Tre anni di ricerca per approfondire la conoscenza del siero innesto naturale impiegato nella produzione del Parmigiano Reggiano attraverso microbiologia, metagenomica, metabolomica e sperimentazione tecnologica. I risultati e le prospettive del progetto “Natural Whey Starter Biobank” saranno al centro dell’incontro scientifico in programma lunedì 21 settembre al Dipartimento di Scienze della Vita di Unimore, a Reggio Emilia.
A partire dalle ore 14.00, nell’Aula H1.2 del Padiglione Besta, università, enti di ricerca e rappresentanti della filiera si confronteranno sulle caratteristiche microbiologiche, funzionali, metabolomiche e tecnologiche del siero innesto e sul loro significato per la produzione del Parmigiano Reggiano.
Tra i relatori German Bonilla Rosso, ricercatore presso Agroscope in Svizzera, che insieme a Marianna Cristofolini, dottoranda del corso di Dottorato STEBA di Unimore, presenterà un’analisi metagenomica e funzionale delle comunità microbiche del siero innesto naturale. Gli approcci metagenomici e bioinformatici consentono di ricostruire la composizione di queste comunità e di indagarne il potenziale funzionale, offrendo una lettura integrata del microbioma e del suo ruolo nel processo produttivo.
Pier Paolo Becchi dell’Università Cattolica del Sacro Cuore, sede di Piacenza, affronterà la variabilità metabolica del siero innesto attraverso uno studio sviluppato con il contributo di Luigi Lucini. La ricerca utilizza la metabolomica non mirata e approcci statistici avanzati per descrivere il contributo dei fattori geografici, stagionali e tecnologici alla variabilità del profilo metabolico.
Il programma comprende anche gli interventi di Valentina Pizzamiglio del Consorzio del Formaggio Parmigiano Reggiano e di Elena Bortolazzo del Centro Ricerche Produzioni Animali – CRPA, che approfondirà la prototipazione del processo lattiero-caseario e il rapporto tra ricerca scientifica e produzione.

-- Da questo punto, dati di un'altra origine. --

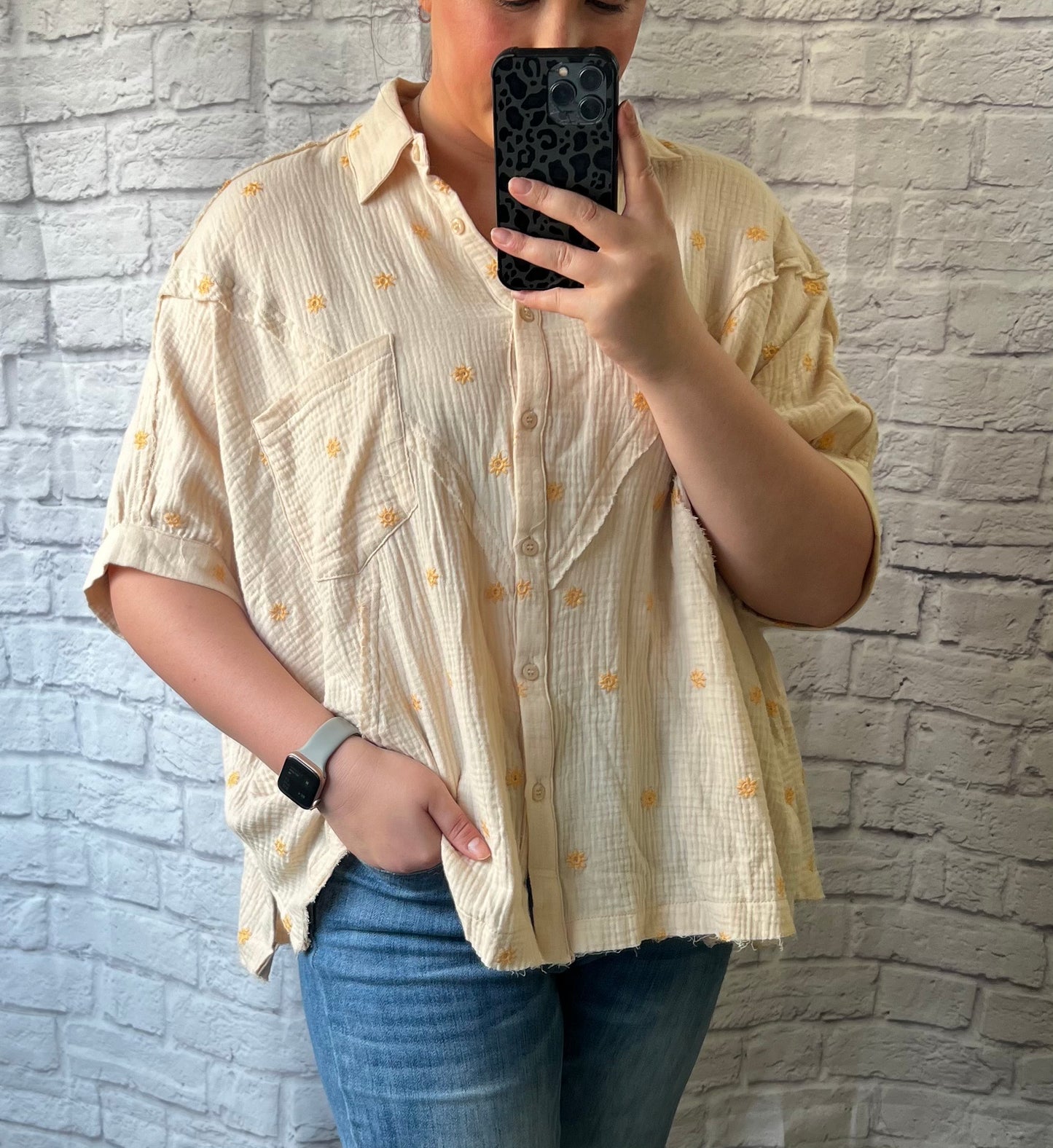 cream - sun pattern - front pocket 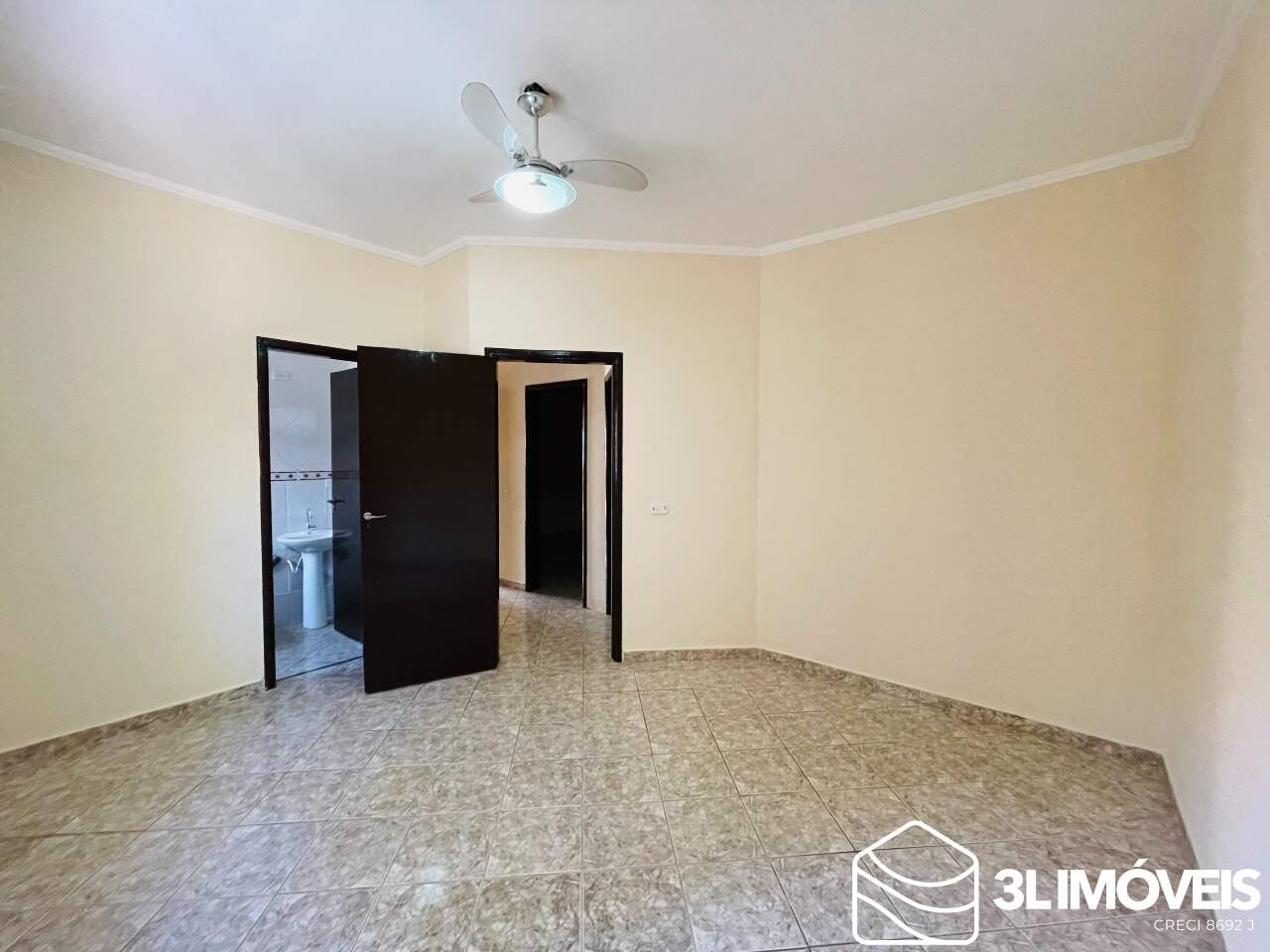 Casa à venda no Jardim Primaveril: 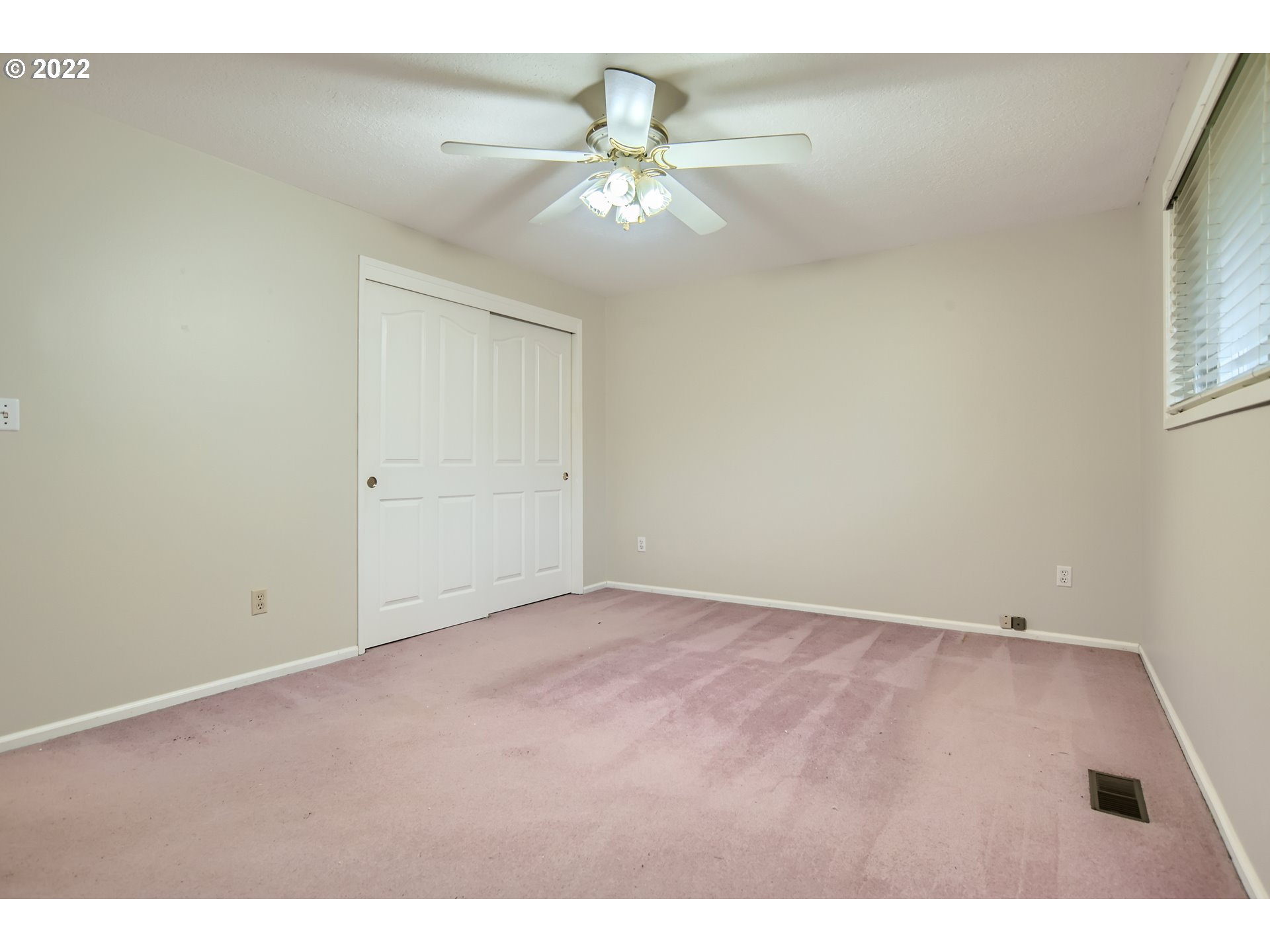 7545 Ridge Drive Gladstone, OR 97027 - Photo 14 of 31 Gallery Image 14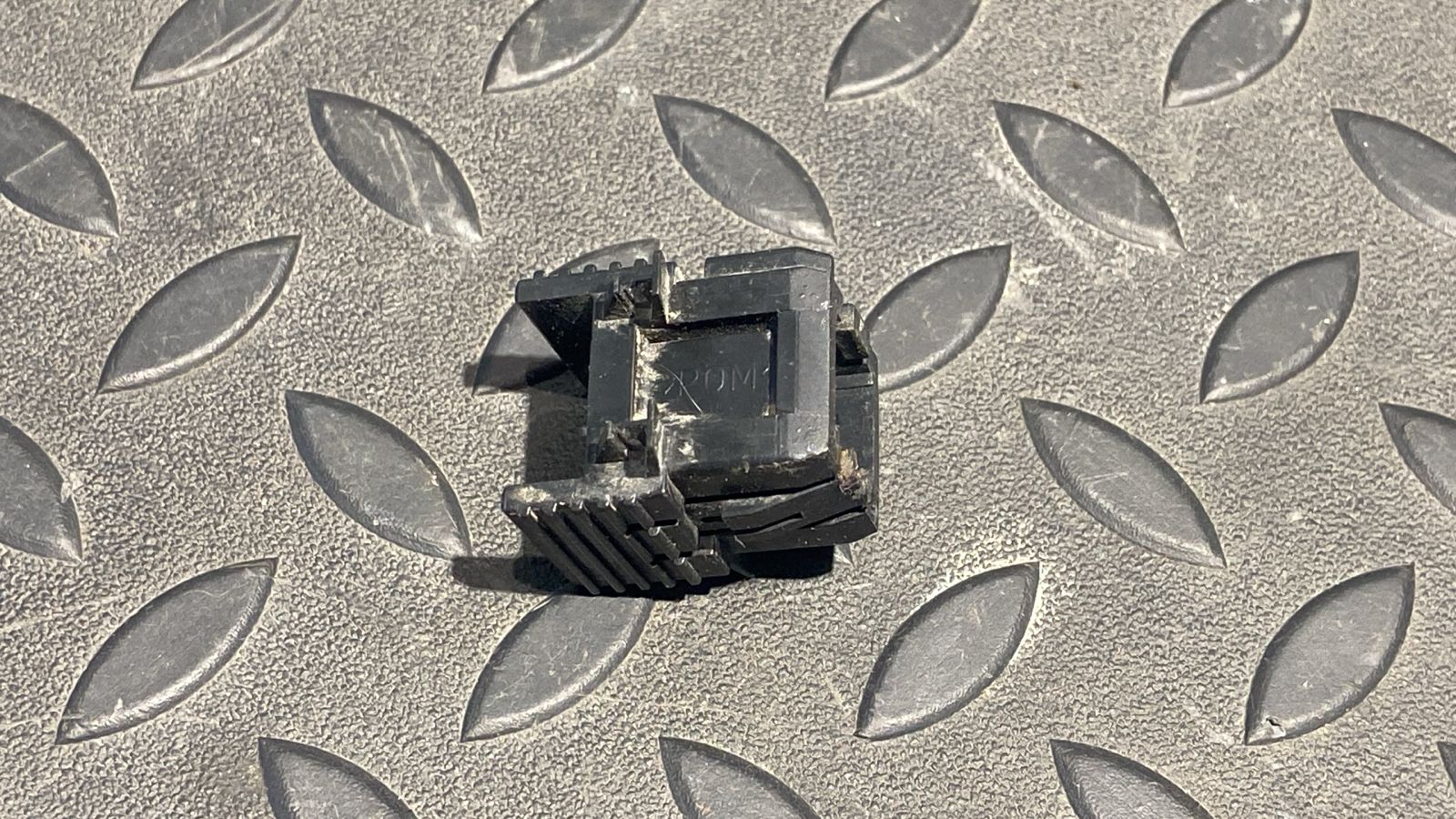 Кронштейн датчика стопсигнала BMW 5/E39 1995-2004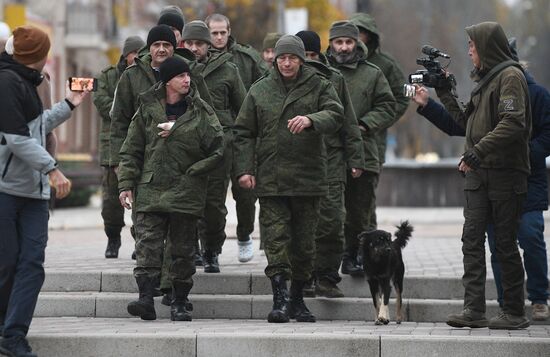 В ДНР встретили освобожденных из украинского плена военнослужащих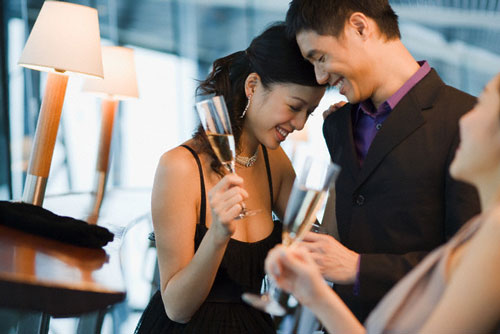 Đưa bạn trai đi dự tiệc cuối năm cùng, tôi không ngờ mình lại suýt mất anh vào tay cô đồng nghiệp mới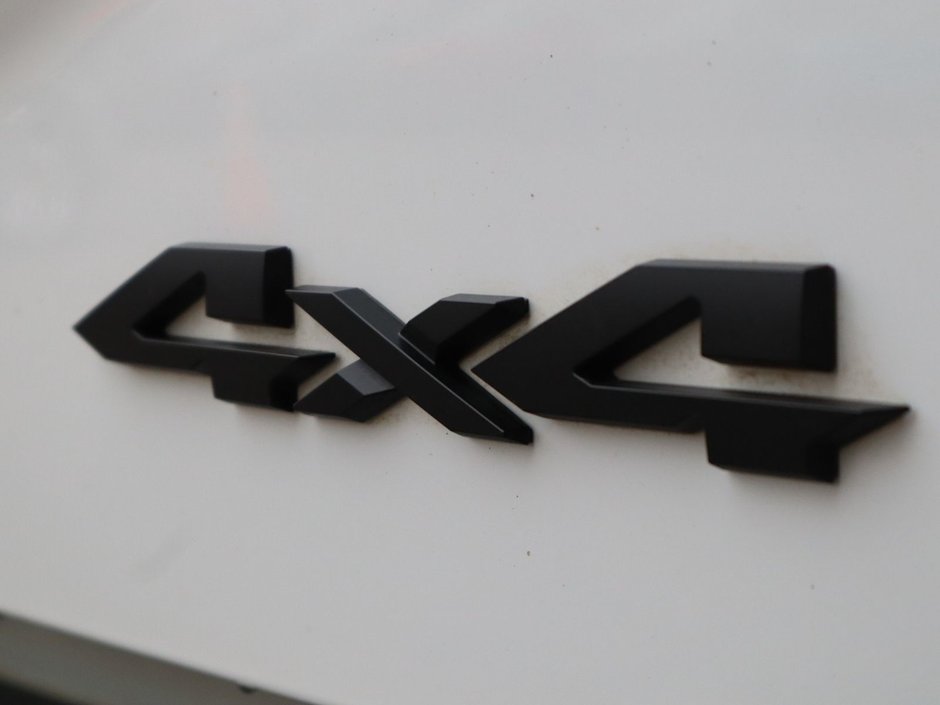 2023 Ram 3500 LARAMIE IN BRIGHT WHITE EQUIPPED WITH A 6.7L CUMMINS TURBO DIESEL I6 , 4X4 , 6SPD AUTO , REAR AUTO LVL AIR SUSPENSION , LARAMIE-15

I lavori saranno introdotti e coordinati da Lisa Solieri del Dipartimento di Scienze della Vita di Unimore e si concluderanno con una tavola rotonda dedicata ai risultati raggiunti e alle prospettive della ricerca sul siero innesto naturale.
La giornata raccoglie il lavoro scientifico sviluppato negli ultimi tre anni nell’ambito della Biobanca del siero innesto, che integra microbiologia, metagenomica, metabolomica e sperimentazione tecnologica per approfondire la conoscenza di una componente essenziale dell’ecosistema microbico e produttivo del Parmigiano Reggiano.
L’incontro si terrà lunedì 21 settembre, dalle ore 14.00, nell’Aula H1.2 del Padiglione Besta, in via Amendola 2 a Reggio Emilia. Sarà possibile seguirlo anche online tramite Google Meet attraverso il link o il QR code riportati nella locandina.